▶ [Task to complete] From the line that contains "Frauenmodel trägt Boxy" through the end of the records below, write out each line exactly as it appears, but not the pictures.

Brief descriptive captions

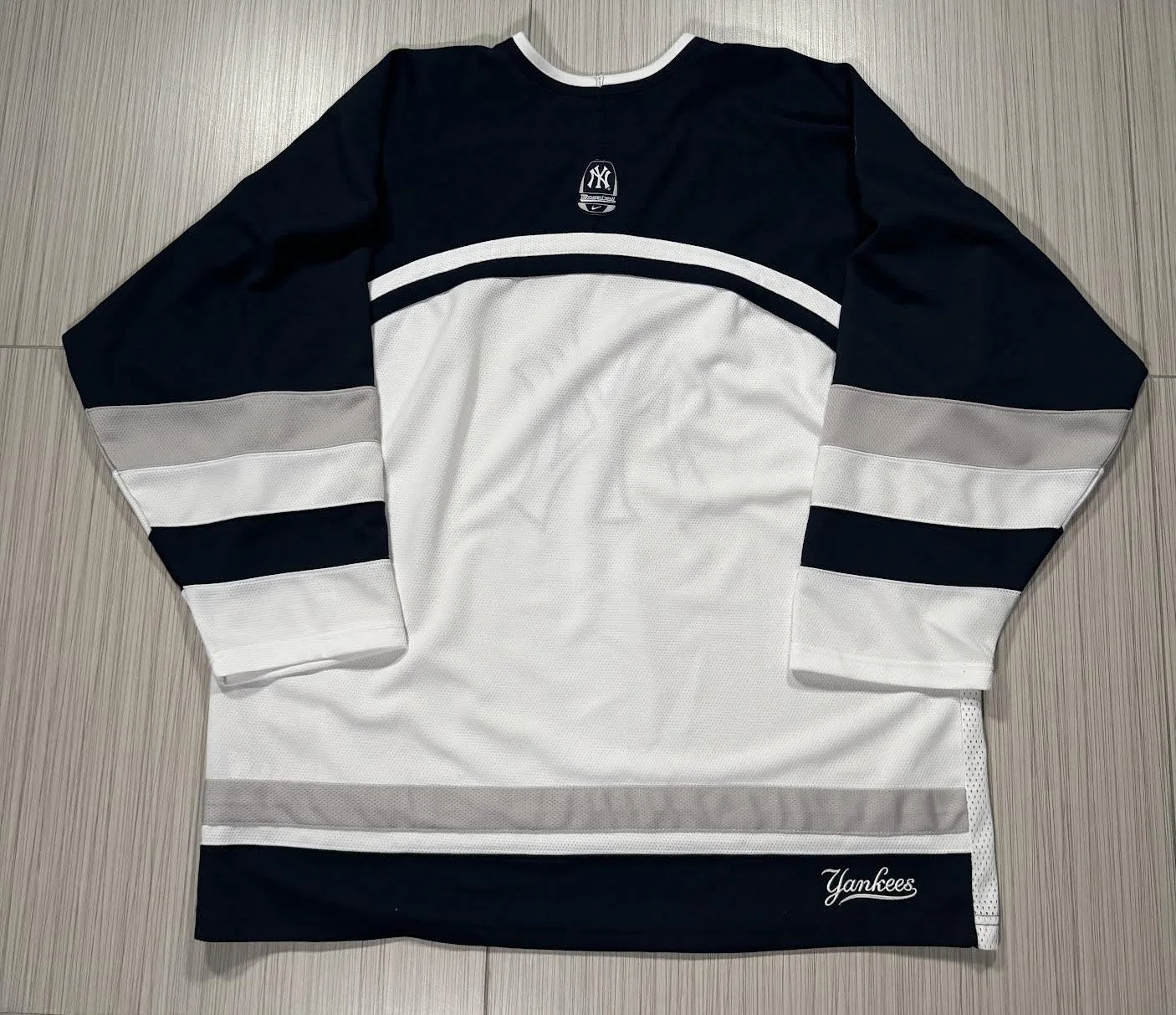 back of Nike Yankees jersey.jpg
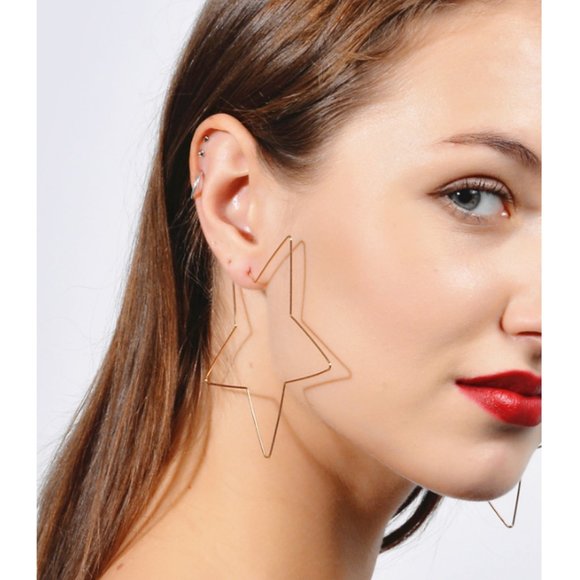 “Movie Star” Large Hoop Simple Geometric Earrings - Picture 7 of 9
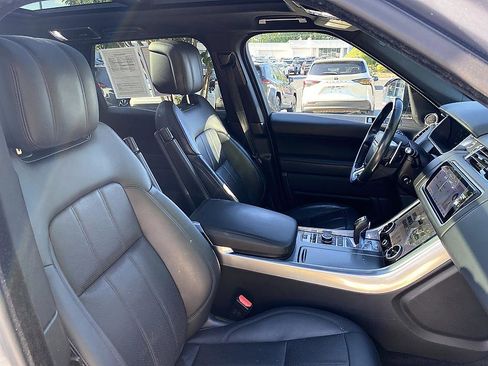 Used 2019 Land Rover Range Rover Sport Supercharged AWD/4WD image 22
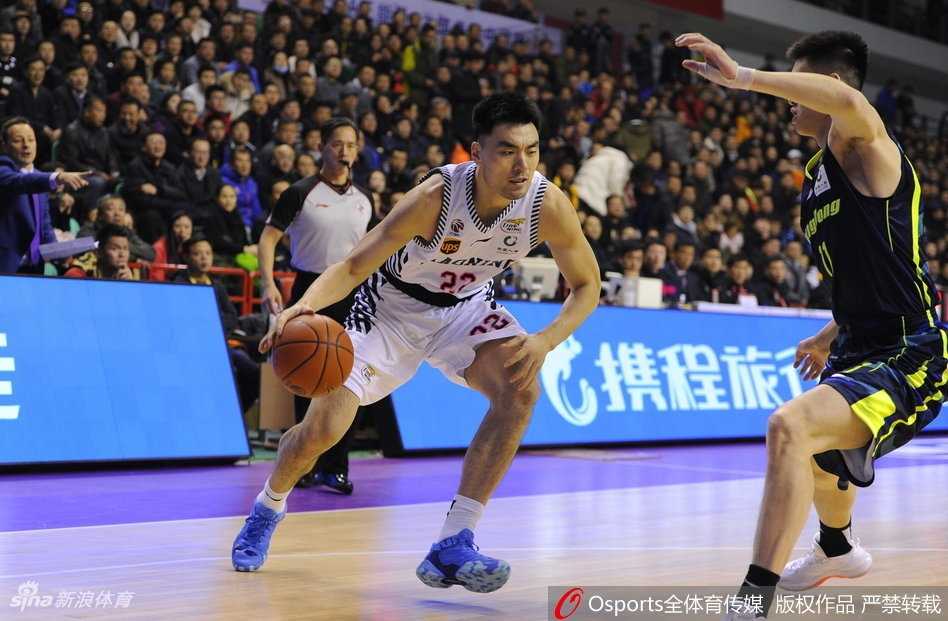 辽宁外援巴斯迎着防守强起暴扣，展现了他在内线的强大破坏力和强硬球风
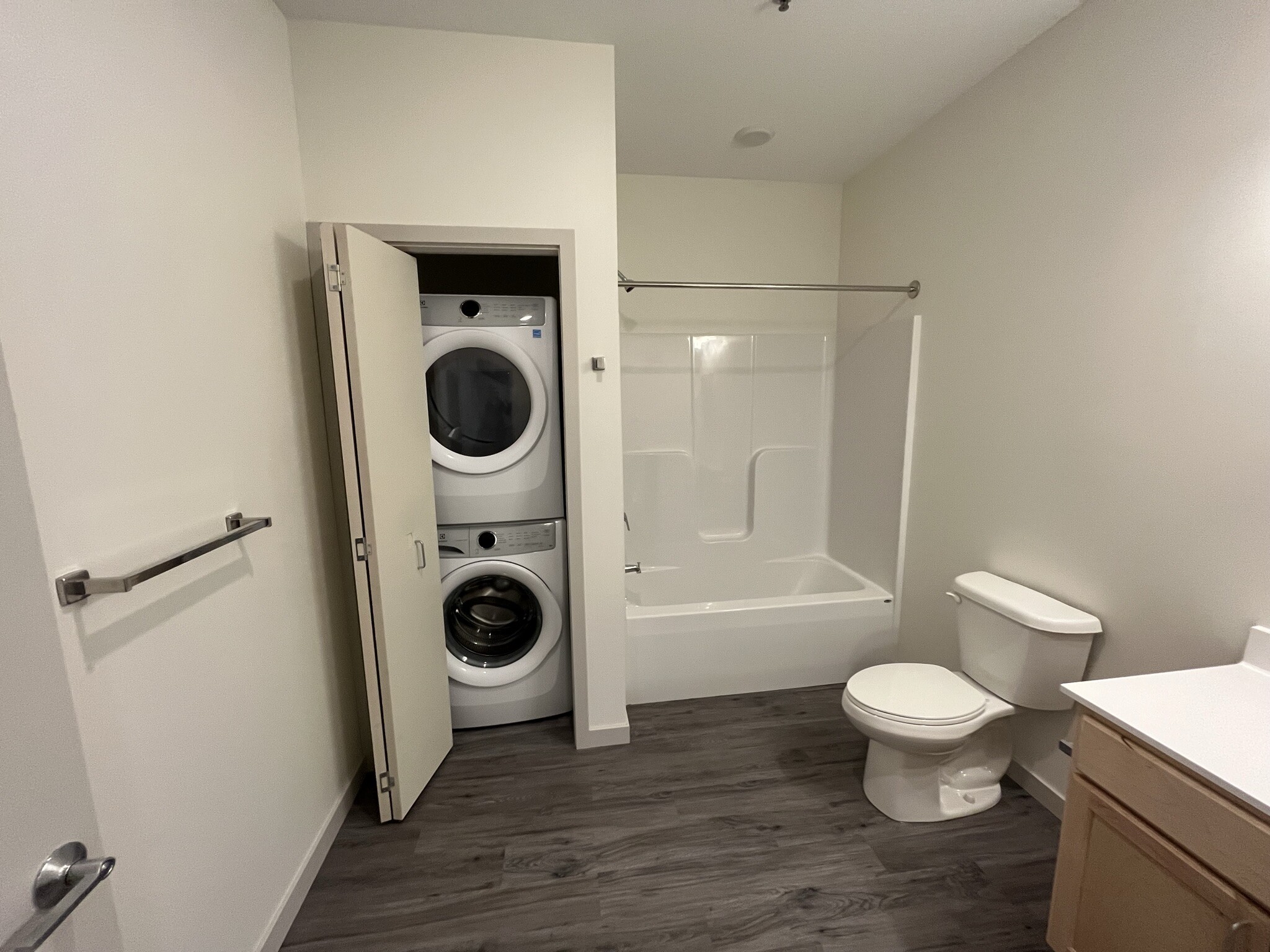 Washer and Dryer in Each Unit - 202 Valley Green Sq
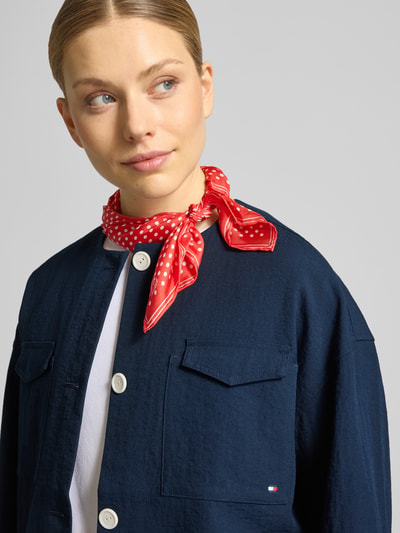 Frauenmodel trägt Boxy Fit Kurzblazer aus Viskose-Mix von Tommy Hilfiger in Optik: Unifarben mit Logo-Stitching, Nahaufnahme Oberkörper.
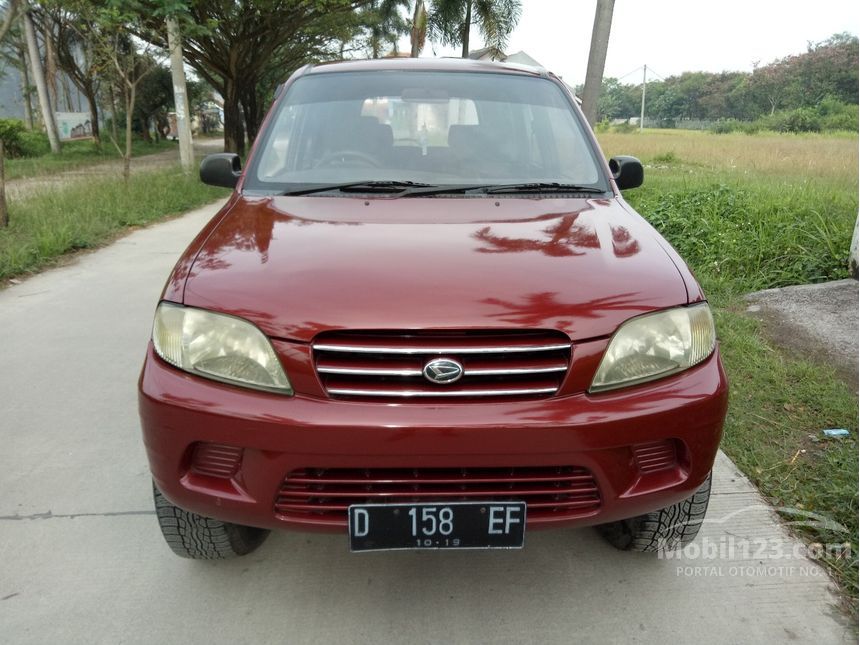 Jual Mobil Daihatsu Taruna 2001 CX 1.5 di Jawa Barat Manual Wagon Marun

▶ [Task solution]
 Frauenmodel trägt Boxy Fit Kurzblazer aus Viskose-Mix von Tommy Hilfiger in Optik: Unifarben mit Logo-Stitching, Nahaufnahme Oberkörper.
 Jual Mobil Daihatsu Taruna 2001 CX 1.5 di Jawa Barat Manual Wagon Marun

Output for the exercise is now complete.